JGreenlee commented Feb 26, 2025

Previously, we just recorded the number of calls to _get_entries_for_timeseries; now we have a more sophisticated approach:

# record a stat every time the DB is queried by monitoring the MongoDB client

import inspect
import time
from pymongo.monitoring import register, CommandListener
import emission.storage.decorations.stats_queries as esds

class QueryMonitor(CommandListener):
    def started(self, event):
        event_cmd = str(event.command)
        call_stack = [f.function for f in inspect.stack()][12:]
        if (
            event.command_name in {"find", "aggregate", "insert", "update", "delete"}
            and 'stats/pipeline_time' not in event_cmd
        ):
            call_stack = [f.function for f in inspect.stack()][12:17]
            esds.store_pipeline_time(None,
                                     f'db_call/{event.command_name}',
                                     time.time(),
                                     str(call_stack))
    def __init__(self): pass
    def succeeded(self, _): pass
    def failed(self, _): pass

register(QueryMonitor())

Which counts every DB call but also allows us to identify
i) what type of query it was ("find", "aggregate", "insert", "update", "delete")
ii) the function stack from wherever the query was made (e.g. ['_get_entries_for_timeseries', 'find_entries', 'get_data_df', 'get_location_streams_for_trip', 'segment_into_sections'])

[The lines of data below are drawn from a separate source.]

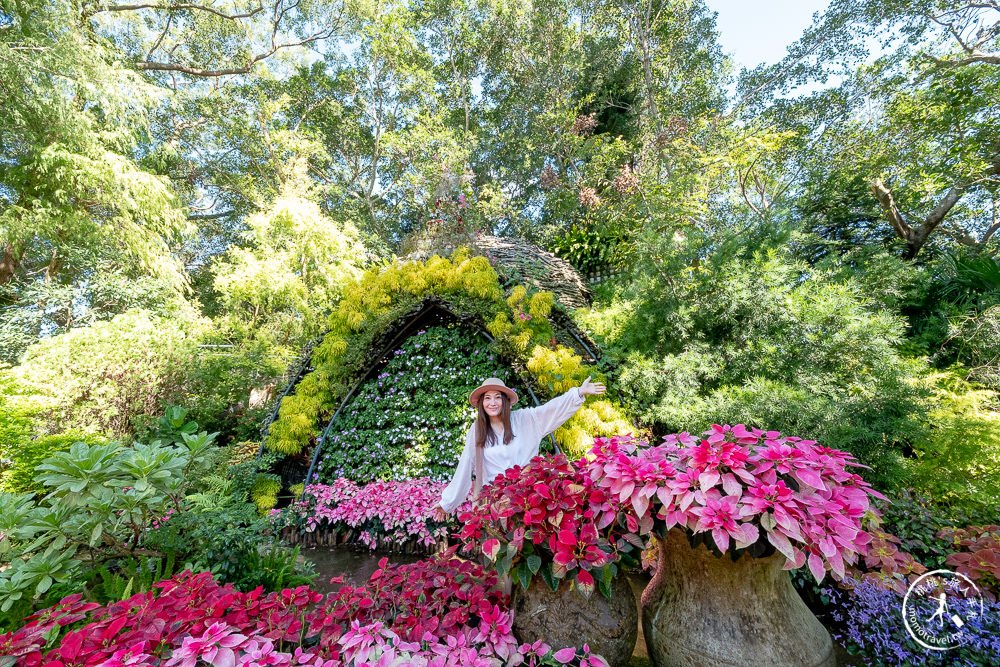 苗栗卓蘭景點》花露休閒農場－波波草花園登場│繡球花.薰衣草.森系景觀餐廳推薦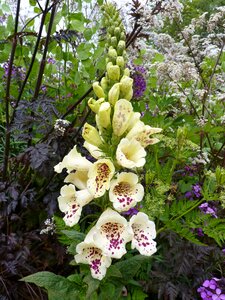Spotted digitalis lutea flowers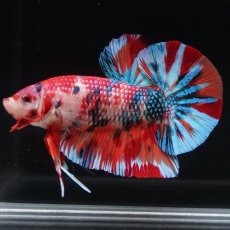 画像16: HMPK　キャンディ (16)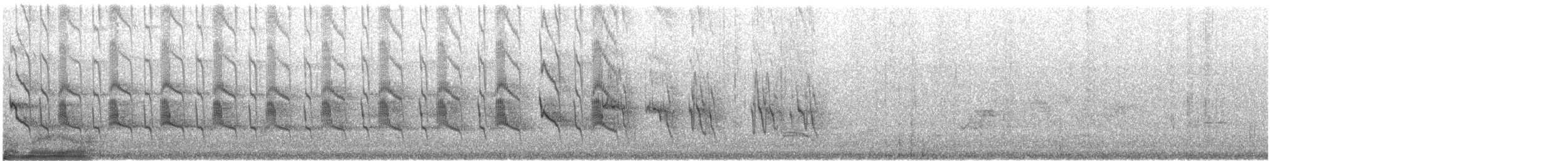 Social Flycatcher - ML632485877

We think it would be beneficial to check this into the repo somewhere, but I am not sure the correct location for it

@JGreenlee
Copy link
Author

Follow-on to the investigation in e-mission/e-mission-server#1032 (comment):

I am going to leave ccebikes running overnight. I am not sure if it will finish because this one took over an hour and ccebikes has 90x as many trips


I have had ccebikes running for about 11 hours and I don't think it is close to being done

Two users are stuck in MODE_INFERENCE for the last 1 and 2 hours respectively

grep "For stage" /var/tmp/intake_1.log | tail -n 1
2025-02-28 09:10:06,127:INFO:8737540160:For stage PipelineStages.MODE_INFERENCE, start_ts is None
grep "For stage" /var/tmp/intake_2.log | tail -n 1
2025-02-28 10:00:08,979:INFO:8737540160:For stage PipelineStages.MODE_INFERENCE, start_ts is None

For intake_0 I can tell it's in TRIP_SEGMENTATION based on recent logs, but I can't tell how long it's been stuck because nothing comes up (maybe due to limitation of grep or tail?)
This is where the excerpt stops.